Records drawn from a dataset:
==*==
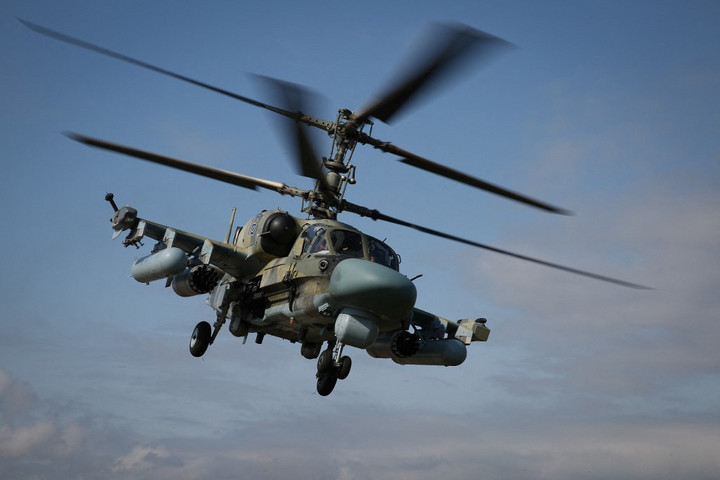 Videón, ahogy pillanatok alatt végez egy páncélossal az orosz helikopter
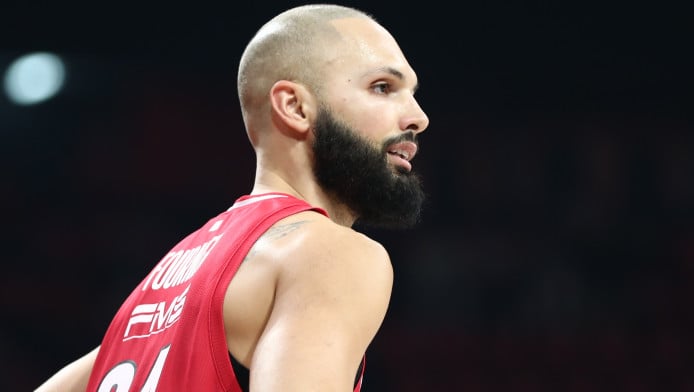 Ηχηρή παρέμβαση Φουρνιέ - "Λογικό όταν παίζεις σκ@@@..."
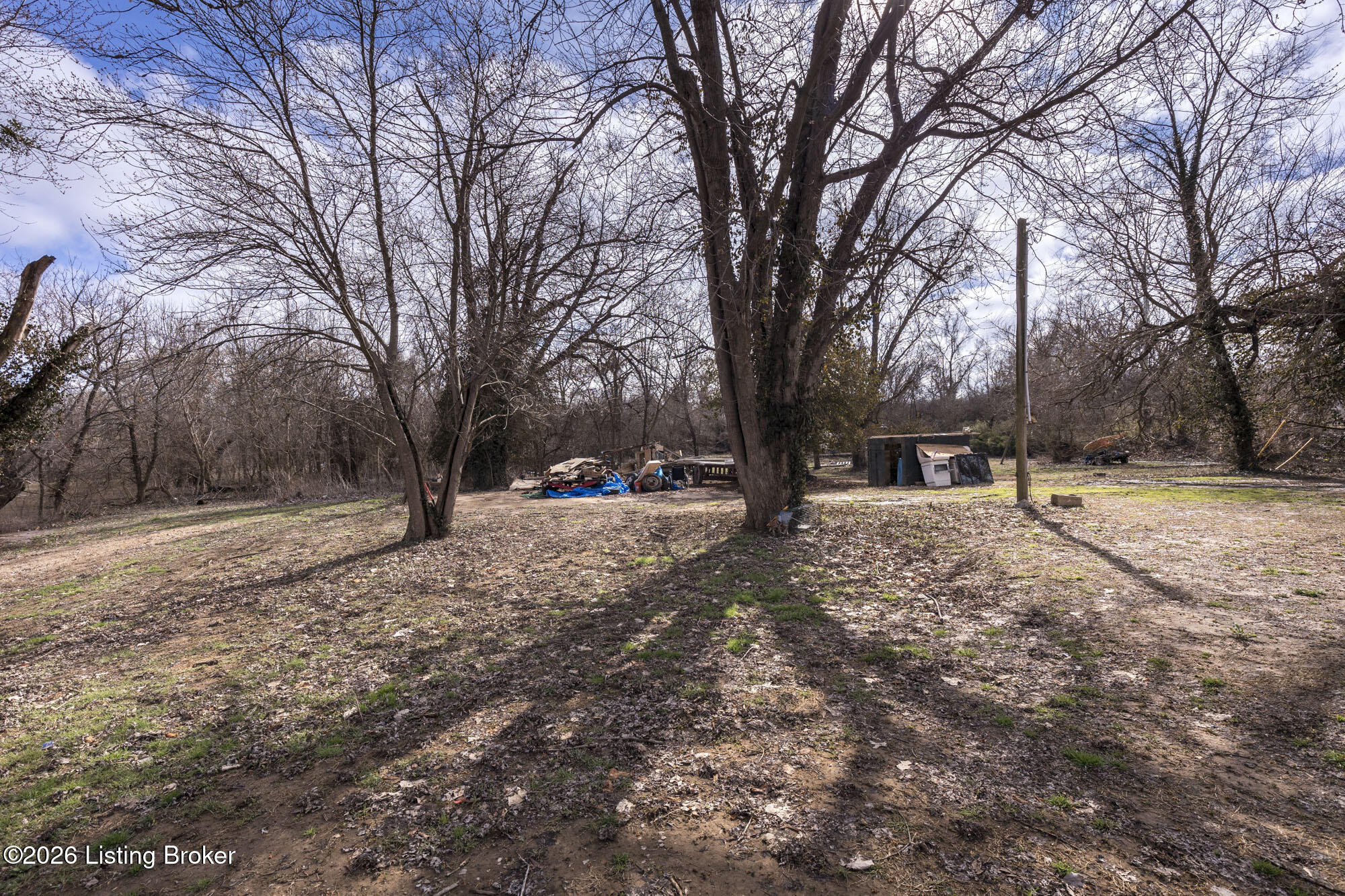 5225 River Rd Property Photo 14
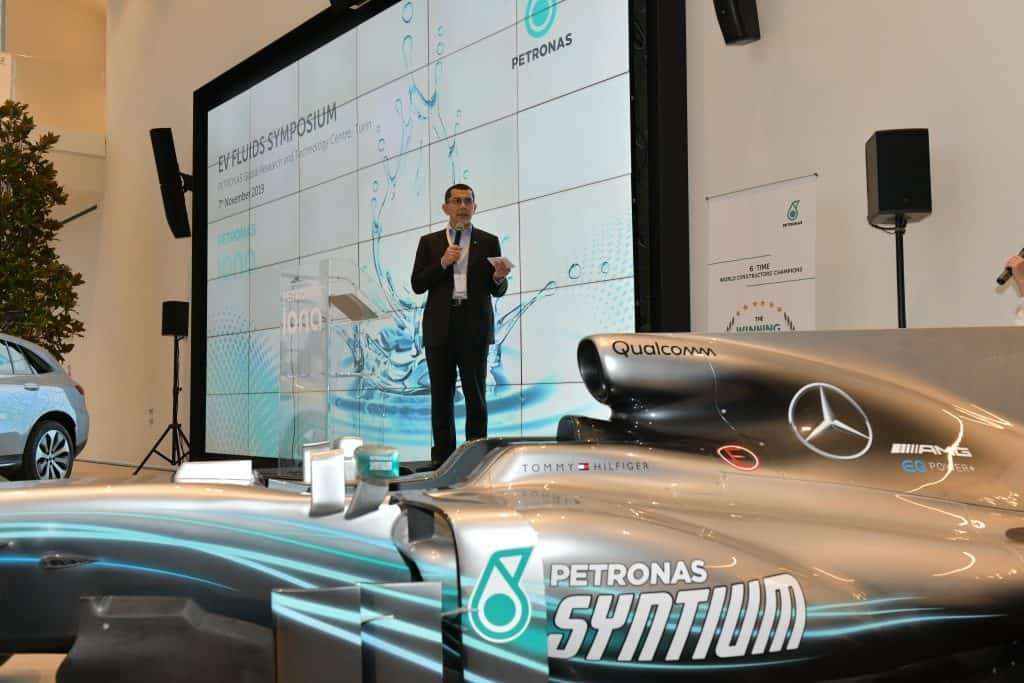 Petronas: Symposium für Elektrofahrzeuge in Turin 3 Petronas: Symposium für Elektrofahrzeuge in Turin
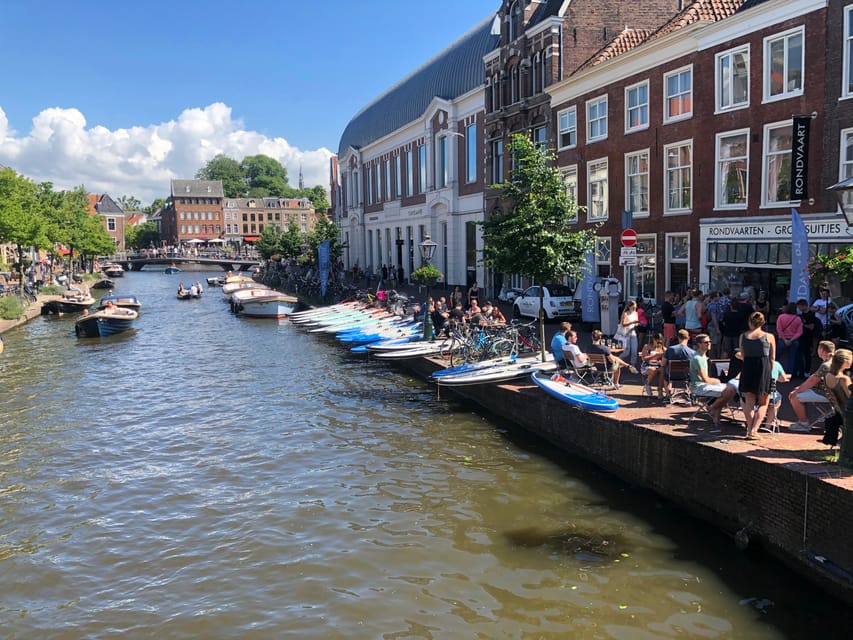Leiden: Paddleboard Rental to Explore Leiden's Canals - Clothing, changing, and practical comfort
==*==
Give back the records above exactly. Pictures stay out.

EXPECTED OUTPUT:
 Videón, ahogy pillanatok alatt végez egy páncélossal az orosz helikopter
 Ηχηρή παρέμβαση Φουρνιέ - "Λογικό όταν παίζεις σκ@@@..."
 5225 River Rd Property Photo 14
 Petronas: Symposium für Elektrofahrzeuge in Turin 3 Petronas: Symposium für Elektrofahrzeuge in Turin
Leiden: Paddleboard Rental to Explore Leiden's Canals - Clothing, changing, and practical comfort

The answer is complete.